Extracted material below:

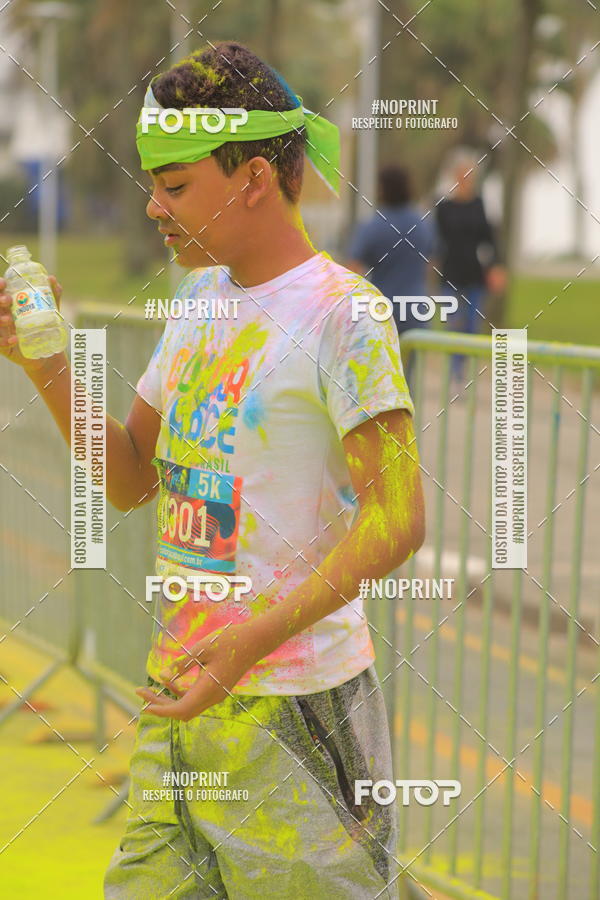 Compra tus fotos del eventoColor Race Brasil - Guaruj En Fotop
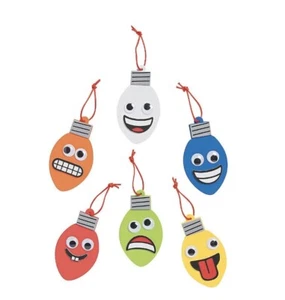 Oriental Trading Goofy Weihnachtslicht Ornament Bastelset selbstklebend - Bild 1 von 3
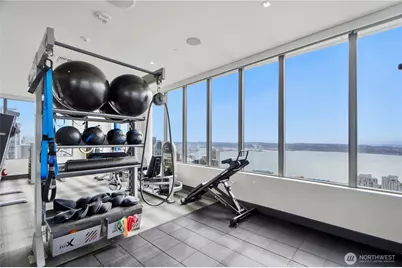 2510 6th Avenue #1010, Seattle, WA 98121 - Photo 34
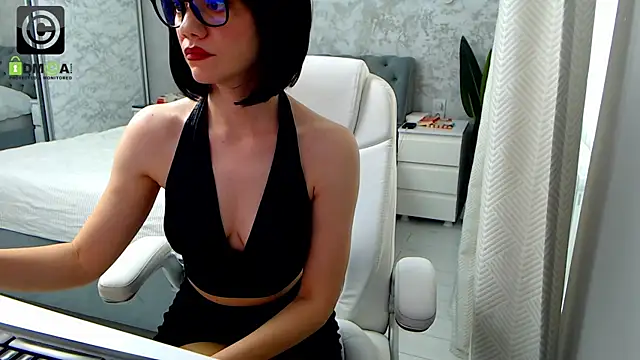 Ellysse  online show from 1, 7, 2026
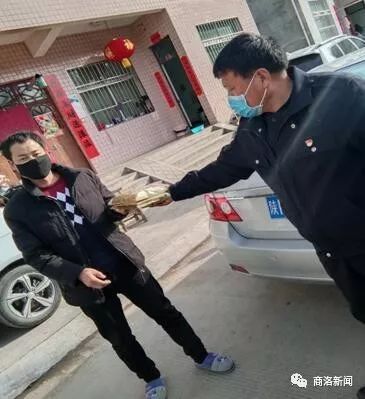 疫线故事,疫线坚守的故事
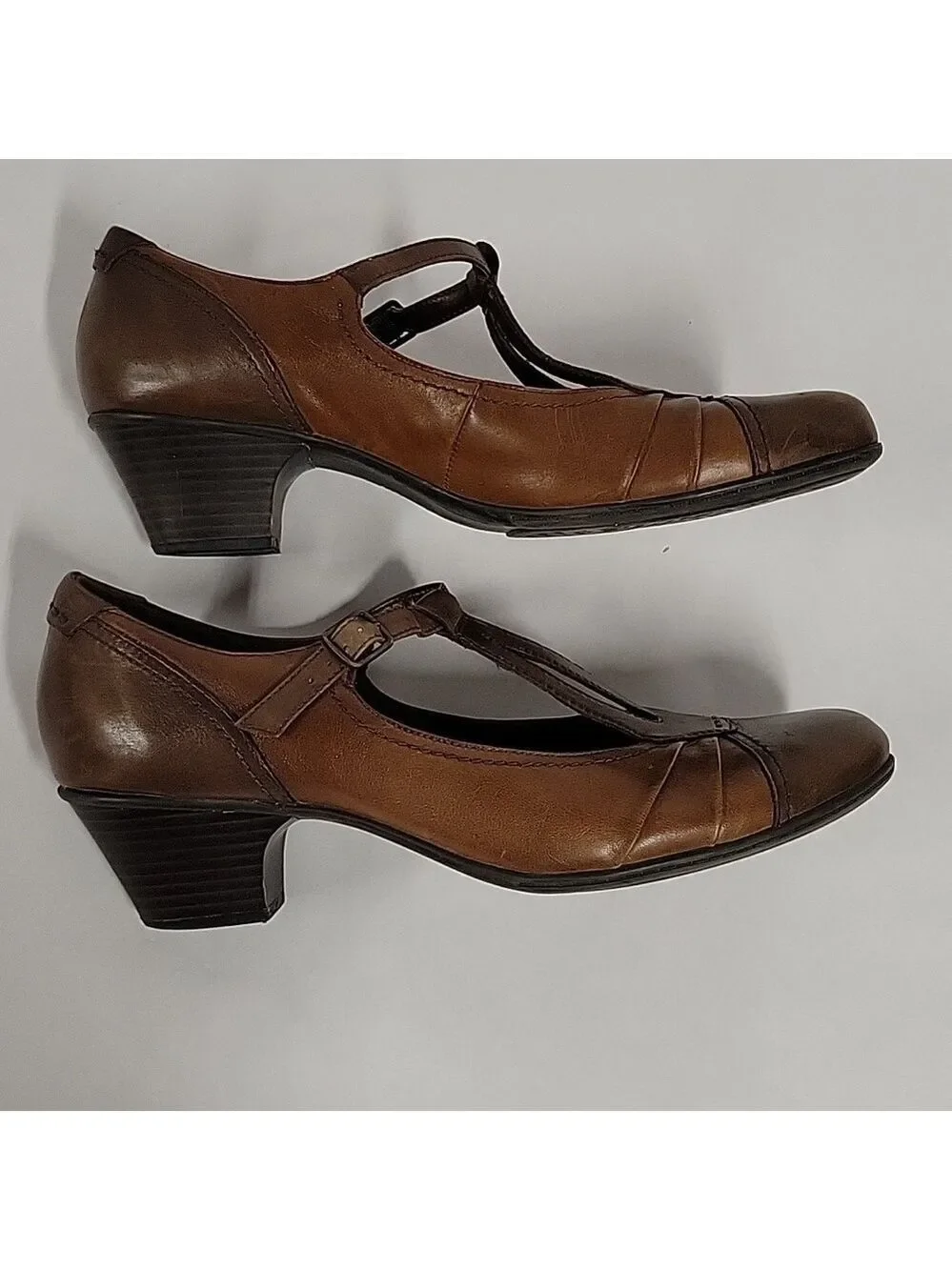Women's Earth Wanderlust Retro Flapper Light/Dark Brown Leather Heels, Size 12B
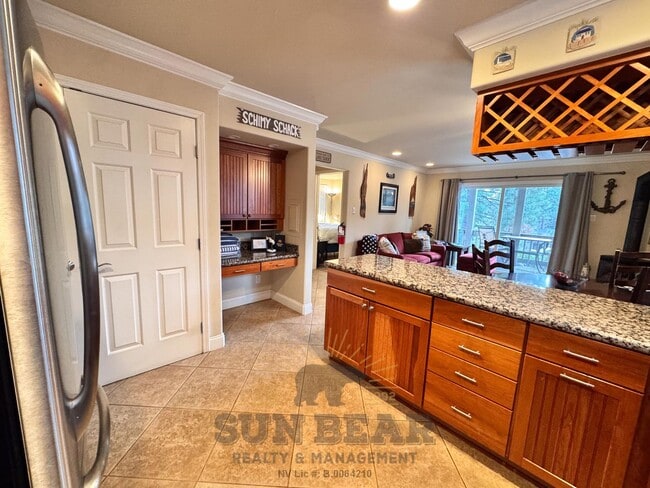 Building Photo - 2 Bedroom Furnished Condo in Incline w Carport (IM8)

End of Extracted material.
Extracted material below:

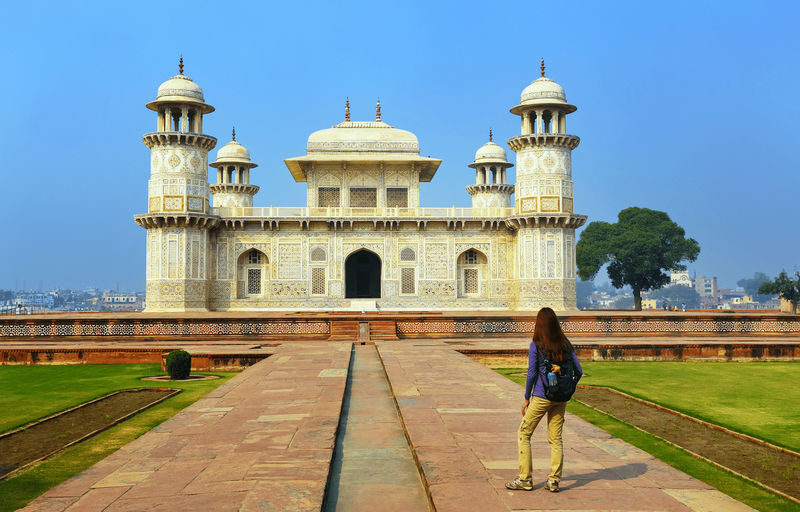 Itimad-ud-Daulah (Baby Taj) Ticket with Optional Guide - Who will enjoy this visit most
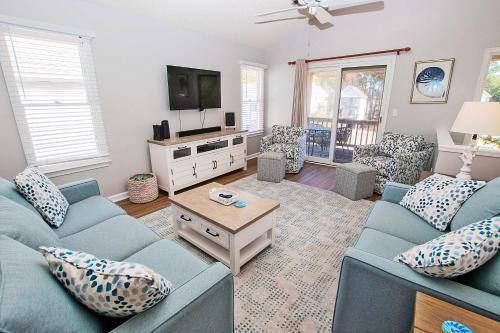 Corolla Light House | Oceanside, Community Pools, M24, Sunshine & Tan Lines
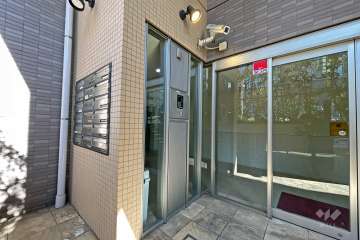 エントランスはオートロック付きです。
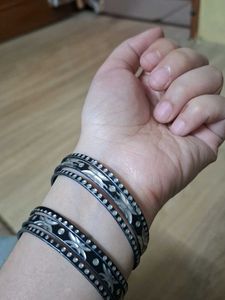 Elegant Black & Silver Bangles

End of Extracted material.
Extracted material below:

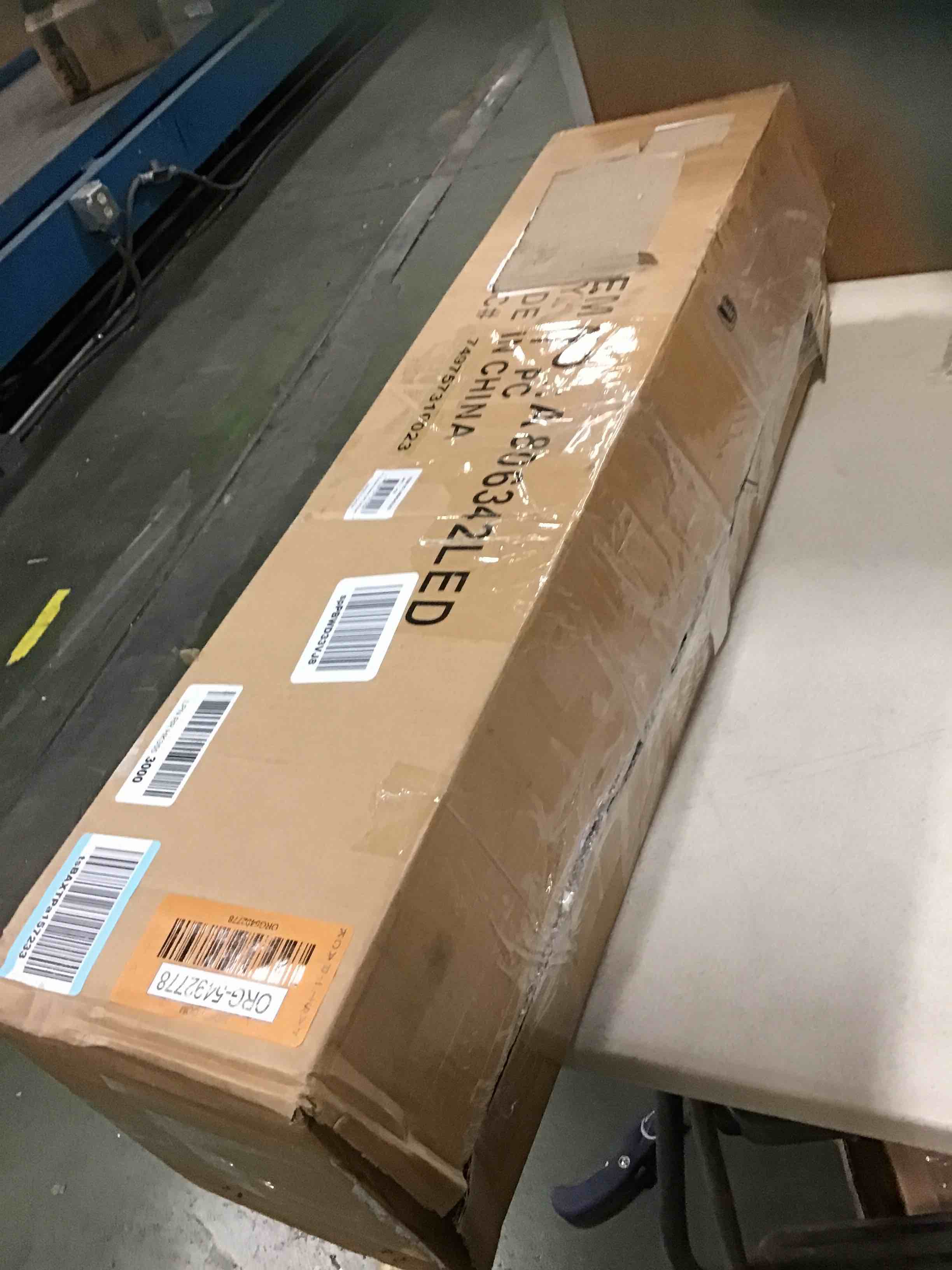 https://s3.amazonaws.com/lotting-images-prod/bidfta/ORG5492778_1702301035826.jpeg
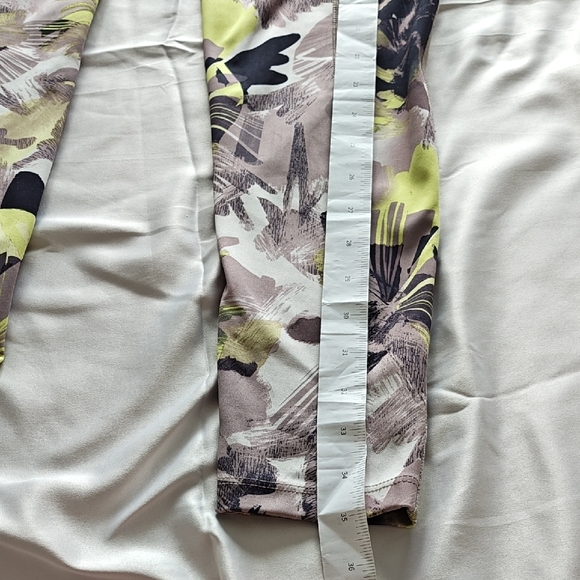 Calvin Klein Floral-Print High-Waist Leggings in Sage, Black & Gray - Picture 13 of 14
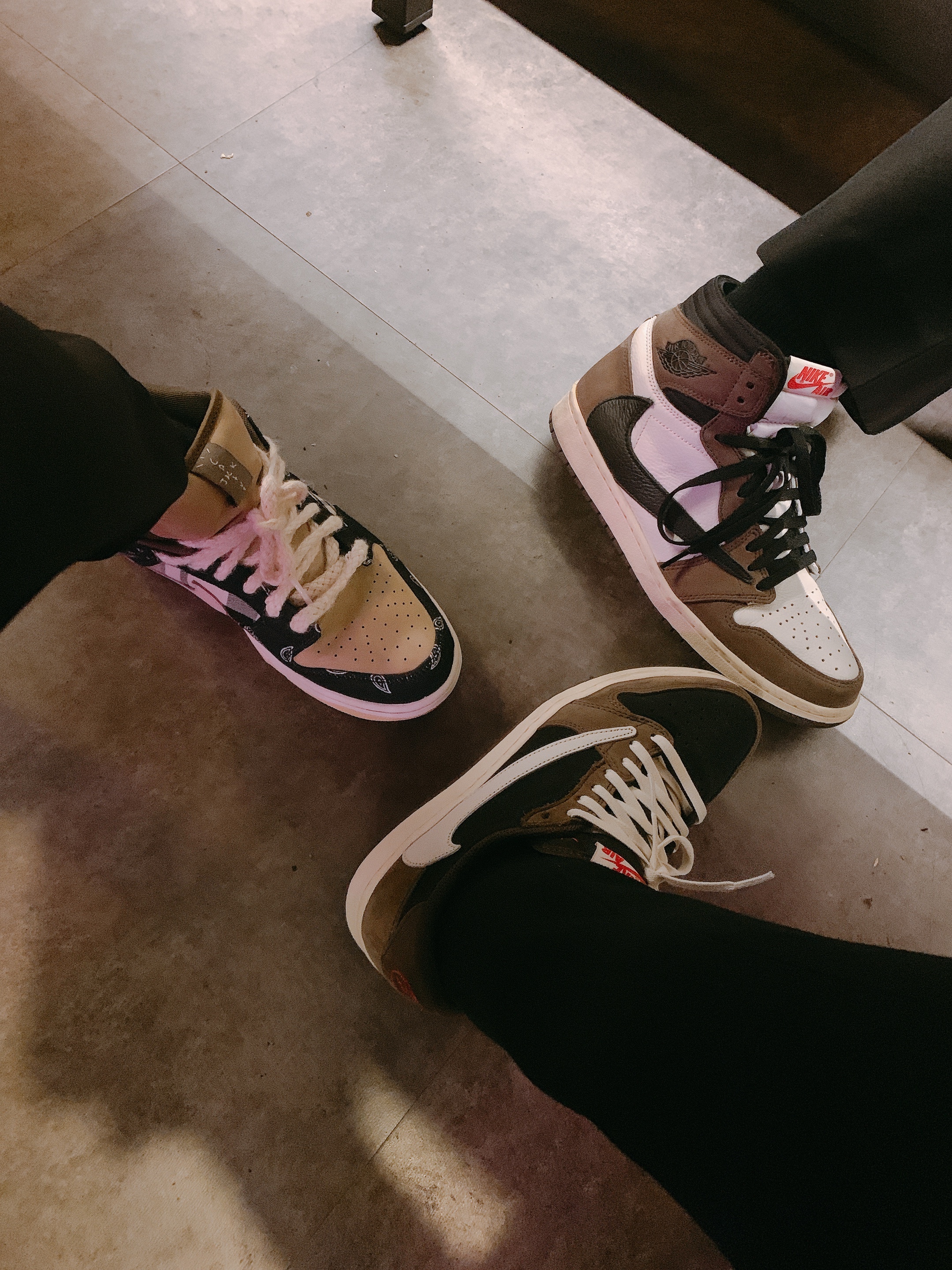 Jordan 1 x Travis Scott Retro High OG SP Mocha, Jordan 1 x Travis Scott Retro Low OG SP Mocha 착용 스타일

End of Extracted material.

• [What you are asked to do] When copying from the data above, begin at the line containing "Compra tus fotos" and end at the line containing "Building Photo - 2"; return those lines exactly and leave all pictures behind.

• [Solution to this problem]
 Compra tus fotos del eventoColor Race Brasil - Guaruj En Fotop
 Oriental Trading Goofy Weihnachtslicht Ornament Bastelset selbstklebend - Bild 1 von 3
 2510 6th Avenue #1010, Seattle, WA 98121 - Photo 34
 Ellysse  online show from 1, 7, 2026
 疫线故事,疫线坚守的故事
Women's Earth Wanderlust Retro Flapper Light/Dark Brown Leather Heels, Size 12B
 Building Photo - 2 Bedroom Furnished Condo in Incline w Carport (IM8)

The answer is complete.